Quienes invocan la libertad de expresión para proteger su derecho a difundir estos disparates grotescos deberían recordar que ejercen de medios con influencia real sobre las opiniones, influencia por la que cobran en ocasiones cuantiosas sumas de anunciantes, y que los ciudadanos también tenemos derecho a recibir información veraz. Dichosa influencia la que no paga el coste reputacional de ser mala, a la que nadie obliga a rectificar cuando miente, y que se escuda en la viralidad y en la libertad de expresión para seguir desinformando.

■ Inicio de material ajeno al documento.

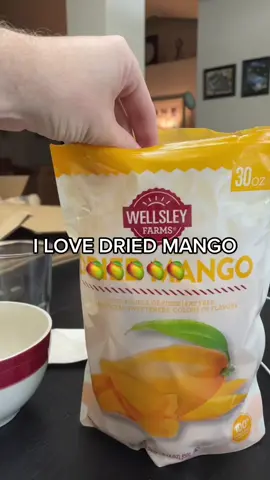 Wellsley Farms put their whole Mangussy into this bag. Its perfect. 🥭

¿Cómo reivindicar una ciudadanía entusiásticamente activa en redes (política, sociedad, ciencia, economía, sanidad, cultura…) pero impedir que resulte desinformada, y que contribuya a su vez a desinformar? ¿Cómo evitar que compartir, ese verbo que desprende tan buenas vibraciones, tan eufórico y fraternal, pueda convertirse en herramienta del error o de la mentira virales? ¿Cómo defender la democracia representativa, la del voto informado, cuando otra democracia instantánea, sin programas, sin censo ni responsabilidades, la de la aclamación (monetizada) que provocan un meme tendencioso, un vídeo manipulado, una fake news o una conspiranoia, socavan los cimientos de la primera?